Ai nostri giorni il dotto sacerdote Giovanni Alagi afferma che il
documento diffuso in copia da quel notaio è apocrifo, pieno zeppo di
anacronismi storici e di incongruenze di ogni genere, un falso grossolano
frutto di fantasie popolari, un rozzo tentativo di consacrare con l’autorità
del pubblico ufficiale una favola, una credenza popolare che non ha alcun
fondamento.
La verità è che tale leggenda non può essere presa in alcuna
considerazione quando si ricerchino le vere origini del Cristianesimo
nella zona vesuviana.
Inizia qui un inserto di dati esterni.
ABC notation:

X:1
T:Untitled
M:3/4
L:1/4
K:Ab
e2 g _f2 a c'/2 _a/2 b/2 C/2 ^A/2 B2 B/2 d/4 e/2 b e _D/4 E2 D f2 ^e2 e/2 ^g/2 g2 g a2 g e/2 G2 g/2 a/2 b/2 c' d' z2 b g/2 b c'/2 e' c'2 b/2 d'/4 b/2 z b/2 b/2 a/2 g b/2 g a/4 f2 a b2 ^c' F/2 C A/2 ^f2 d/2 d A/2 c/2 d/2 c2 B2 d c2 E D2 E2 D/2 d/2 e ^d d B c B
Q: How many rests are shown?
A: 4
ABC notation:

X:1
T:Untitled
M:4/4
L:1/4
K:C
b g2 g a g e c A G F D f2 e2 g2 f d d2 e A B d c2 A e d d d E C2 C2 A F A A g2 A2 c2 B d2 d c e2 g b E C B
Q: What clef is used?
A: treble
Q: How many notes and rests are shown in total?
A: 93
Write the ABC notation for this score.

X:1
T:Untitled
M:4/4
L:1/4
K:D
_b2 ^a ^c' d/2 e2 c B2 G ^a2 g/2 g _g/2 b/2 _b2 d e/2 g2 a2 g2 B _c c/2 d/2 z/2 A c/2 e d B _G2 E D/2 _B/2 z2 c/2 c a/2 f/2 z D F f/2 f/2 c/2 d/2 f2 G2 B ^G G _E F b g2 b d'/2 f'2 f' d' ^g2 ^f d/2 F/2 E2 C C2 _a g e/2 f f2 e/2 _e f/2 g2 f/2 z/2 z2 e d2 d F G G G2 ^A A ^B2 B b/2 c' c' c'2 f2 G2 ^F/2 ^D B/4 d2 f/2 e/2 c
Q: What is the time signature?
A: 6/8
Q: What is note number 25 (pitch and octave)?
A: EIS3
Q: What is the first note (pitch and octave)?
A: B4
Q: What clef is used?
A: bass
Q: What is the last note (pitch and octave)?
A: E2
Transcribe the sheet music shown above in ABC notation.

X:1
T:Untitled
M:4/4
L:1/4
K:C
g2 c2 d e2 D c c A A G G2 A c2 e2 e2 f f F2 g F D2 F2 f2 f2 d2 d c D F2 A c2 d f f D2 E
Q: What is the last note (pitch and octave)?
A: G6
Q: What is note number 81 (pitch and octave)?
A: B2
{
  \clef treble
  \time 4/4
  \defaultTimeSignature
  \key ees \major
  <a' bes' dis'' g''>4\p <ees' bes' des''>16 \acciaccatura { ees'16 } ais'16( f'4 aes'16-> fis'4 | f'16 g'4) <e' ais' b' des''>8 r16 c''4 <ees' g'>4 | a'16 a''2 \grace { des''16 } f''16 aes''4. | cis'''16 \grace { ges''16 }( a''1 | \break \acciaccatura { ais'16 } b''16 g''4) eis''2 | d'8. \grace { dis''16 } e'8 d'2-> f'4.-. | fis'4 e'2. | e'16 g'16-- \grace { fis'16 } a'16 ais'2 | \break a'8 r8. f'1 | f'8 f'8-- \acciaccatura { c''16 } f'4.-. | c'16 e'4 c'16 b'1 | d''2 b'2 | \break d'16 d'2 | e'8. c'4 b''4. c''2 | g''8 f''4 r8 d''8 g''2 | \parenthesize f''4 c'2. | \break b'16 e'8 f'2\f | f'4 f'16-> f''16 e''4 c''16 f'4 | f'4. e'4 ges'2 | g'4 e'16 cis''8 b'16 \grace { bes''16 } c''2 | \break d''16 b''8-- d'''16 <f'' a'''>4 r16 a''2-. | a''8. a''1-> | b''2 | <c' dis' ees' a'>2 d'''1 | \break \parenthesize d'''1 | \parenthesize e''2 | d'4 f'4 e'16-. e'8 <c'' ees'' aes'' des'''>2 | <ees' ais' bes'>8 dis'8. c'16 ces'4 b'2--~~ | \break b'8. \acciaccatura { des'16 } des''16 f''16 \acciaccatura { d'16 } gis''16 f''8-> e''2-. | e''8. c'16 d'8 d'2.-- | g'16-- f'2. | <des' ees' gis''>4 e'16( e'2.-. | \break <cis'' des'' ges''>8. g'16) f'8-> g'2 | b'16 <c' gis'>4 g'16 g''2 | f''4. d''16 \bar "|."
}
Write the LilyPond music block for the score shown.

E poiché mancano a noi notizie storiche sulla
venuta di S. Pietro in Italia, sarebbe meglio dire che questi, venendo
dall’Oriente diretto a Roma, sia sbarcato a Pozzuoli come in tale porto,
che era uno dei primissimi del Mediterraneo nel I sec. d.C, sbarcò anche
S. Paolo nel 61 (Atti degli Apostoli, 28) e sbarcavano tutti i viaggiatori
che dai vari paesi mediterranei erano diretti a Roma, raggiungendo la Via
Appia; ancora meglio - conelude 1’Alagi - dire che su tale argomento non
sappiamo nulla (2).
Anche altri studiosi, fra cui il Capasso, l’Ambrasi, il Fasola, come
riporta con un’ampia e severa critica Mario Carotenuto nel suo recente ”Ercolano
attraverso i secoli” (1980), Demoliscono con argomentazioni
ineccepibili questa ”vecchia leggenda radicata nella tradizione
locale e dura a morire”.
1) F.Balzano: op. cit. pag. 66-67.
2) G. Alagi : La leggendaria origine della chiesa di Pugliano (Boll. parr.del
15-9-1962); La zona vesuviana dal I al V sec. C., in ”Campania
sacra”, rivista di studi della Pontificia Facoltà Teologiea dell’Italia
Meridionale. Napoli 1971, N. 2. 3) F. Balzano op. cit. pag. 123-24.